Large list in memory slows Python

Wed Jan 4 09:57:56 EST 2012

On Tue, Jan 3, 2012 at 5:59 PM, Peter Otten <__peter__ at web.de> wrote:
> Benoit Thiell wrote:
>
>> I am experiencing a puzzling problem with both Python 2.4 and Python
>> 2.6 on CentOS 5. I'm looking for an explanation of the problem and
>> possible solutions. Here is what I did:
>>
>> Python 2.4.3 (#1, Sep 21 2011, 19:55:41)
>> IPython 0.8.4 -- An enhanced Interactive Python.
>>
>> In [1]: def test():
>>    ...:     return [(i,) for i in range(10**6)]
>>
>> In [2]: %time x = test()
>> CPU times: user 0.82 s, sys: 0.04 s, total: 0.86 s
>> Wall time: 0.86 s
>>
>> In [4]: big_list = range(50 * 10**6)
>>
>> In [5]: %time y = test()
>> CPU times: user 9.11 s, sys: 0.03 s, total: 9.14 s
>> Wall time: 9.15 s
>>
>> As you can see, after creating a list of 50 million integers, creating
>> the same list of 1 million tuples takes about 10 times longer than the
>> first time.
>>
>> I ran these tests on a machine with 144GB of memory and it is not
>> swapping.

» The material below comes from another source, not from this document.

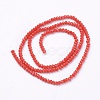 Imitation Jade Glass Beads Strands GLAA-R135-2mm-M1-2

Before creating the big list of integers, IPython used 111MB
>> of memory; After the creation, it used 1664MB of memory.
>
> In older Pythons the heuristic used to decide when to run the cyclic garbage
> collection is not well suited for the creation of many objects in a row.
> Try switching it off temporarily with
>
> import gc
> gc.disable()
> # create many objects that are here to stay
> gc.enable()
>
> You may also encorporate that into your test function:
>
> def test():
>    gc.disable()
>    try:
>        return [...]
>    finally:
>        gc.enable()

Thanks Peter, this is very helpful. Modifying my test according to
your directions produced much more consistent results.

Benoit.

-- 
Benoit Thiell
The SAO/NASA Astrophysics Data System
http://adswww.harvard.edu/